Confesso, sinceramente, faço esforço para voltar a me encaixar no sistema religioso tal como fiz a vida inteira. Aquele do tipo congregar várias vezes na semana, cantar músicas "espirituais", chorar, ler a Bíblia com outras pessoas e orar com elas e aí me vejo asfixiando como um peixe fora d'água. É estranho.

Sinto falta das pessoas e careço de oração que me fortaleça a fé para as lutas diárias, que me mantenha consciente de quem eu sou e de quem eu não sou. Mas cada vez menos, consigo enxergar possibilidade de me encaixar em reuniões num templo, dentro de um processo litúrgico normal.

Não, não tem nada a ver com a liturgia e não querê-la, até porque a minha construção pessoal me faz aderir muito facilmente a determinadas formalidades.

A questão é outra e tem a ver com compreensão das coisas, sentido de existência, significado de vocação e exercício dela.

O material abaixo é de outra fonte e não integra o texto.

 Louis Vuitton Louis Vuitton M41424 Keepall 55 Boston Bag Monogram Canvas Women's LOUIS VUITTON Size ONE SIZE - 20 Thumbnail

Decidi-me "romper" para me perder com o anseio de me achar, faz pouco mais de dois anos. Foi quando acompanhei dois pastores já bem avançados em dias e bastante experimentados em todo tipo de miséria humana. Eu os vi chorar ante uma desgraça com a qual eu convivia muito mais intensamente que nos últimos quinze meses e depois, quando seguíamos para uma reunião, ao ouvi-los para não me importar com as oposições de lideranças religiosas e que seguisse a vocação, finalmente entendi que, ou ousava romper ou jamais conseguiria compreender um milésimo do significado da minha existência.

[Não tenho qualquer garantia de que conseguirei saber o porquê de estar aqui, mas sigo com mais quietude, agora].

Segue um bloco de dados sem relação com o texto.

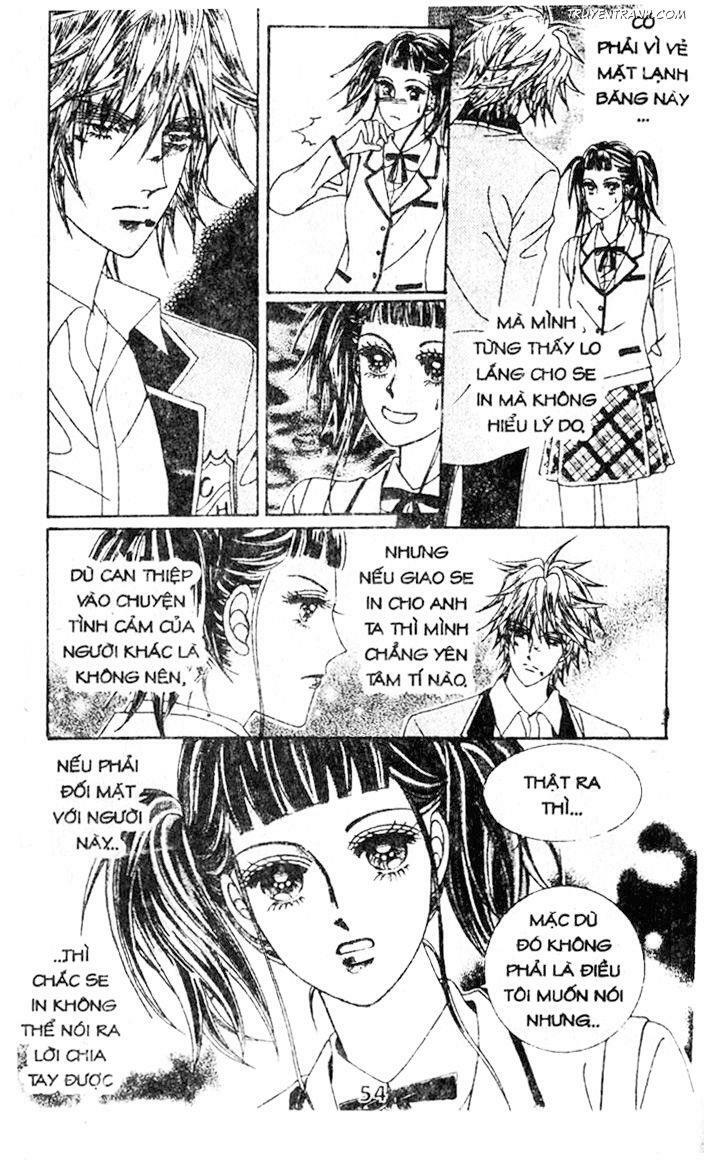 Điên Vì Yêu - Love Like Crazy: Chapter 32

Tem a ver com comunhão e o seu significado, porque eu só posso partir o pão no mesmo prato com aquela pessoa a quem sou capaz de dar meu coração e mostrá-lo como é, sabendo que me corrigirá - se necessário for, me apontará erros, me reconhecerá falhas, me instigará a esticar limites, mas não me acusará, não me defenestrará, não irromperá sobre mim para que eu conceba uma espiritualidade alijada da vocação marginal (assim feita pela religião) que me foi confiada, mesmo quando não a compreender.

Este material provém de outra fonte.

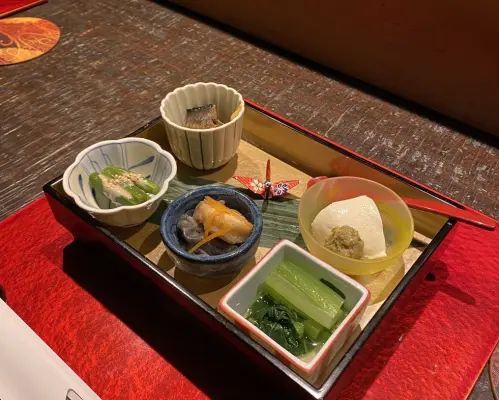 东京表参道 | 创意料理神宫前木地 |仅座位预定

Então, se estou em um ajuntamento de pessoas cujo entendimento de culto ao Criador não se expande para o exercício das variadas frentes, conforme consigo perceber na Escritura, eu não tenho comunhão com elas e, portanto, o meu culto é falso e não será agradável aquele a quem o devoto.

Resta assim, continuar a busca por encontros não litúrgicos mas que falam de fé, que demonstram as obras da fé, onde os corações se conectam na oração expressa no serviço e na gratidão de apenas ser, esta é a minha decisão litúrgica e é assim que eu congrego.